French judge upholds burkini ban in Corsica
France`s highest administrative court last month suspended bans brought in by about 30 towns, ruling that the measure was permitted only if wearing the Islamic full-body swimsuit was likely to cause a public disturbance.
Nice, Cannes and several other towns on France`s Mediterranean coast have lifted bans following the Council of State`s ruling.
But the mayor of the Corsican village of Sisco brought in his ban after a confrontation between Moroccans and local residents in mid-August, which reportedly happened when someone took a photograph of a woman swimming in the sea wearing a veil.
More than 100 police officers had to intervene to break up the fight.
`Strong emotions`
The burkini debate comes after a number of deadly attacks in France claimed by the Islamic State of Iraq and the Levant (ISIL) group.
The court in Corsica ruled on Tuesday that the ban should be maintained because "strong emotions persist".
"The presence on a beach in Sisco of a woman wearing a swimming costume of the type targeted [by the ban] ... could cause risks to public order which it is the town hall`s duty to prevent," the court in Bastia said, dismissing a challenge from the Human Rights League.
Sisco`s Mayor Ange-Pierre Vivoni said the ruling was "a relief for me and local people".
He has told AFP news agency that he brought in the ban because he "risked having deaths on my hands".
The tensions between the local community and Muslims in Corsica were demonstrated on Monday when two Muslim mothers wearing headscarves were accosted and prevented from entering a nursery school by two other parents.
The burkini bans have caused outrage abroad, but opinion polls in France show they have the support of a majority of the public.
In France, which counts a population of five million Muslims, burkinis are extremely rare and only a minority of Muslim women remain covered on beaches.
`Unacceptable image`
In a related development on Monday, Manuel Valls, French prime minister, criticised a New York Times article in which French Muslim women complained of discrimination and even "persecution".
The US daily solicited the views of European Muslim women on the burkini debate, distilling more than 1,000 comments for the article.
The article, which appeared on Friday, painted an "unacceptable image of France because it is false", Valls wrote in the French-language online edition of the Huffington Post.
He said France was "proud that Islam is the country`s second religion.
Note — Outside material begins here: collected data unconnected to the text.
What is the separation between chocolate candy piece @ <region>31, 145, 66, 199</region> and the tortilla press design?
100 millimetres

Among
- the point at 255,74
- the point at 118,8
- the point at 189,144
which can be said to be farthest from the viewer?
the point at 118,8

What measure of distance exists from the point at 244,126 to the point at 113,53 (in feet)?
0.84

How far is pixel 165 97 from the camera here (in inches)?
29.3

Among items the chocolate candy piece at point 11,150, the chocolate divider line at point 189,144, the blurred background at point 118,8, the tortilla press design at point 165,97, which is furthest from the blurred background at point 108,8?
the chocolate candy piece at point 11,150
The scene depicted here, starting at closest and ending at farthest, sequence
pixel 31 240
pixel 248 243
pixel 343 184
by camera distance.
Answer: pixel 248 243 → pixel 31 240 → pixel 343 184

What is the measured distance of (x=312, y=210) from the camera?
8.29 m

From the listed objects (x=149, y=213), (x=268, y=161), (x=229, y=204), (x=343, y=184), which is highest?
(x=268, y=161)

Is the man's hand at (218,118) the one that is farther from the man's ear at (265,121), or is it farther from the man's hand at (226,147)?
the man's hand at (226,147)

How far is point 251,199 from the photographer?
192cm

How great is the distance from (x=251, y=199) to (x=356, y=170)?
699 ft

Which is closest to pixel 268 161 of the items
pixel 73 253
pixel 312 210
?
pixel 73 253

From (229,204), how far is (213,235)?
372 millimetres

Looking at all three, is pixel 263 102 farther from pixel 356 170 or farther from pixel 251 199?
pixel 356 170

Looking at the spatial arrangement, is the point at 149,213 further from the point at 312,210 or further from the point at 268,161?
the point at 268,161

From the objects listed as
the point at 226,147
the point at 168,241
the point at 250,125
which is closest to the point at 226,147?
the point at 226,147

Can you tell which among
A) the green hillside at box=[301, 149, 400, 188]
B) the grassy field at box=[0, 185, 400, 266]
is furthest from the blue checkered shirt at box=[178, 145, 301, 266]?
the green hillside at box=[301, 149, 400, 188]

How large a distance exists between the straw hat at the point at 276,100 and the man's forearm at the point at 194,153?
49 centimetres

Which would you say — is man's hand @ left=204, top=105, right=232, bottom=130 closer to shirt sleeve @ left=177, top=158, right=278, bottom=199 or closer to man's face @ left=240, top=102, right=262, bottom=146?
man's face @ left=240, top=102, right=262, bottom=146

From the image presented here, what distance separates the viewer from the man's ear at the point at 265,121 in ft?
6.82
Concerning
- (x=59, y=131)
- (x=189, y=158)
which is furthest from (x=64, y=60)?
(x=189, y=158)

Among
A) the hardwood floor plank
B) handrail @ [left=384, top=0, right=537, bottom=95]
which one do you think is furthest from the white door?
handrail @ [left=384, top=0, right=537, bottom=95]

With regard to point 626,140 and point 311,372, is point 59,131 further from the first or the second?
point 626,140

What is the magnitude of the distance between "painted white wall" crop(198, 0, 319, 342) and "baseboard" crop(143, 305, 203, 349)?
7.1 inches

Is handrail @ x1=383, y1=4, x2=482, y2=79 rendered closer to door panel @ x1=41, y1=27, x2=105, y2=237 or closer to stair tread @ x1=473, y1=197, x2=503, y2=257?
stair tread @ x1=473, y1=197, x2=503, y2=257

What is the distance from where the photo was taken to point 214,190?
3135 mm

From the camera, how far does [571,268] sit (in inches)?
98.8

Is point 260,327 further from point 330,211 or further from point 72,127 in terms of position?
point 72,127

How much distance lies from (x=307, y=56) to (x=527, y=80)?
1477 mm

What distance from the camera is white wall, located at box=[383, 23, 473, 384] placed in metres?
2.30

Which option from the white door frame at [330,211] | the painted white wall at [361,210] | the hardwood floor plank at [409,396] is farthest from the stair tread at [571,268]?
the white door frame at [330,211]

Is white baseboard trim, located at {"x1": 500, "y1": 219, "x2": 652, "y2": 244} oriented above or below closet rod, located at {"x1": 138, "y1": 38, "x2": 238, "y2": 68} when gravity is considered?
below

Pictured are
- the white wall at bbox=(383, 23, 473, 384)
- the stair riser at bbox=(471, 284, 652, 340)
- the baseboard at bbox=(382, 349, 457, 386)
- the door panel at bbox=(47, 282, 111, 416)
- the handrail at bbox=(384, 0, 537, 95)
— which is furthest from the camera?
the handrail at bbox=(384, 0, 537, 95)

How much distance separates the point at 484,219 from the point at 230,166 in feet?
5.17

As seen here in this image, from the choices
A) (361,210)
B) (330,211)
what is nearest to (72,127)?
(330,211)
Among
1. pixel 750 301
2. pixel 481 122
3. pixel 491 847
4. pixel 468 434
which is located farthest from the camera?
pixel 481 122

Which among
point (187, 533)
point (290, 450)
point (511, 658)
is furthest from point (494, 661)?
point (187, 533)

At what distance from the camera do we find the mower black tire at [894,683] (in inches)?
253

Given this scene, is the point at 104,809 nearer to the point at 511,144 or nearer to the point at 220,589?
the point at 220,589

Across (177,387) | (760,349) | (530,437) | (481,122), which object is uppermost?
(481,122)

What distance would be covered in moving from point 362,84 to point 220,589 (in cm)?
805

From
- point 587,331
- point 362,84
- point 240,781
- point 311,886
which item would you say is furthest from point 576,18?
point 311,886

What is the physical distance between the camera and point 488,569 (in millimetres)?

Millions of citizens of the Muslim faith or culture respect their duties perfectly and fully enjoy their duties".
One respondent told the New York Times she was "afraid of having to wear a yellow crescent on my clothes one day, like the Star of David for Jews not so long ago".
Another said: "French Muslim women would be justified to request asylum in the United States ... given how many persecutions we are subjected to."
However, Valls saw an "incredible reversal" in comments that he said presented the burkini as "an instrument of women`s liberation", citing one respondent who said her sister "could finally play with her children on the beach instead of sitting in the shadow".